Arson spree goes up in smokeBy James Quiggle
May 6, 2008
Kenneth Allen was a walking, talking, building-burning contradiction. He was an ex-cokehead, but also masterminded a massive home-arson spree that torched at least 50 homes netted him and his band of cash-happy cohorts at least $1 million in bogus insurance claims.
Allen was the ringleader of a 30-person arson gang operating around Indianapolis and Muncie. His arson-wielding army had a recipe for fire fraud they stuck with again and again.
Gang members bought cheap fixer-uppers and load them with used furniture and second-hand appliances. The gang then staged “accidental” fires, leaving old blankets on space heaters or food in the frying pan and walked away. When the houses went up in smoke, the Allen arson squad made huge, often inflated claims against the houses.

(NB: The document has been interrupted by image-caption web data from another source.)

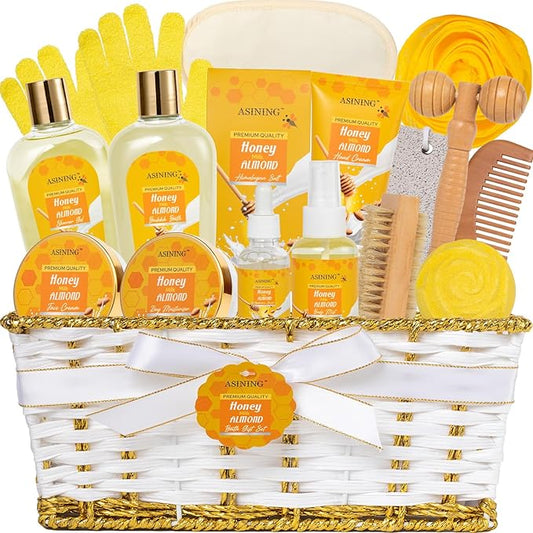 Gifts for Women Gift Basket for Women - 17 Pc Honey Almond Scented Home Bath Pampering Package Spa Bath & Body Gift Set, Luxury Home Spa Bath Gift Basket, Pamper Gifts for Woman & Teens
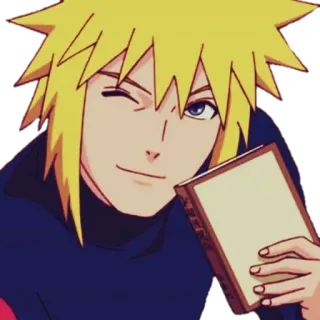 😉 78f657bf Minato Namikaze Naruto anime, mangá, loiro, piscadela, livro telegram sticker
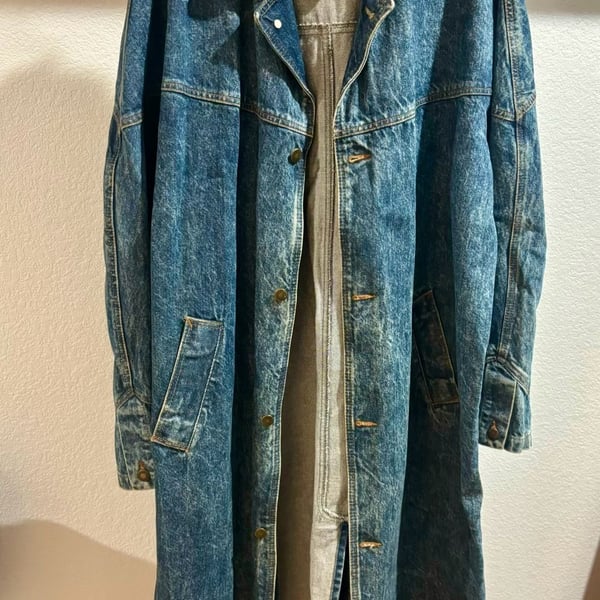 Essentials International Choice Denim Duster Coat Leather Collar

Take Muncie native Dujuan Branson, a capo-de-capo in Allen’s cash-flush arson army. Branson reportedly bought one of those fixer-upper homes, hauled in some used furniture, and beat feet before two cronies burnt the place to the ground. Prosecutors say the cronies hauled in $3,500 a piece while Branson allegedly used the insurance bonanza to buy another house. Overall, the fraudsters often netted up to $160,000 in insurance claims, with the average claim over the four-year spree ranging between $80,000 and $90,000. Insurance companies bilked by the Allen gang included Nationwide, Ohio Casualty, Farmer's Insurance, State Farm Insurance, Indiana Farm Bureau Insurance, American Insurance, Auto Owners Insurance, and Ocwen Mortgage.
Another foot soldier in Allen’s fraud patrol, Stanley Benford, reportedly bought another Indianapolis area home for $32,500 and garnered a cool $100,000 from an insurance claim after the home went up in flames. He paid two local goons $5,000 to torch the home, netting himself about $58,000 in profits, prosecutors say.
The gang’s sloppiness finally caught up to them as insurance investigators took a closer look. One Muncie residence was purchased for about $20,000 but was insured for $150,000, even though the owner was jobless and had never filed a tax return. Another home had no furniture, but did have a large-screen television, a video game console, and a space heater all plugged in to one outlet.
The game was really up when investigators at Nationwide Insurance noticed that the same names kept popping up in 26 Indianapolis-area arson claims. The same insurance adjuster, Douglas Haynes, kept appearing on the claims. Haynes allegedly paved the way for the hefty insurance checks by processing about “90 percent” of the bogus claims, say prosecutors. Investigators quickly moved to cripple Allen’s operation.
What started as a small series of arsons for spare cash had quickly spiraled into a juggernaut that even Allen couldn’t control once his cronies saw the cash potential. Allen seemed dazed by it all at his sentencing. He received four years and must repay $1 million to the bilked insurers.
“Mistake is not the word,” Allen told the federal judge.